Pathogenesis is thought to be primary occlusion of the pilosebaceous unit followed by rupture, with subsequent profound inflammatory response and frequent secondary infections. Lesions heal with scarring. Acne conglobata can run within families, and it typically affects pubertal adolescents and young adults. Women are affected less frequently than men.
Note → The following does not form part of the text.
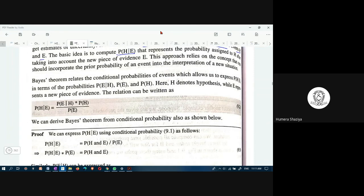Bayes' theorem relates the conditional probabilities of events, which allows us to express the probability of evidence given hypothesis — P(E|H) — in terms of the probability of E and the probability of H, where H denotes the hypothesis and E represents the evidence.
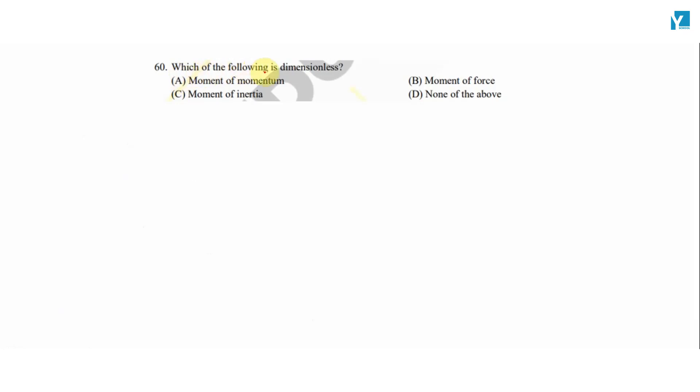Which of the following is dimensionless? From the given quantities, which quantity is dimensionless?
Notably, the final morphologic outcome of resolved acne conglobata can be "secondary comedones." These have been compared to pseudocomedones, as are seen after healed lesions of hidradenitis suppurativa. This similarity (both clinically and histopathologically) suggests that chronic relapsing inflammatory processes that affect the follicular unit can ultimately be similar when healed.
Acne conglobata can present in isolation or as part of a systemic inflammatory condition, including the following syndromes:
- SAPHO syndrome (synovitis, acne, pustulosis, hyperostosis, and osteitis)
- PAPA syndrome (pyogenic arthritis, pyoderma gangrenosum, acne): Acne in PAPA syndrome can be severe and has been described in case reports as acne conglobata. This entity is caused by mutations in PSTPIP1. PSTPIP1 mutations have also been identified in a patient with PAPASH syndrome.
- PASH syndrome (pyoderma gangrenosum, acne, and suppurative hidradenitis): Arthritis is absent in this syndrome, as opposed to in PAPA and PAPASH. Additionally, mutations in PSTPIP1 have thus far not been detected in this entity.
- PAPASH syndrome (pyogenic arthritis, pyoderma gangrenosum, acne, and suppurative hidradenitis): Similar to PAPA syndrome but patients also have hidradenitis suppurativa. Just as in PAPA syndrome, PSTPIP1 mutations have also been identified in PAPASH syndrome.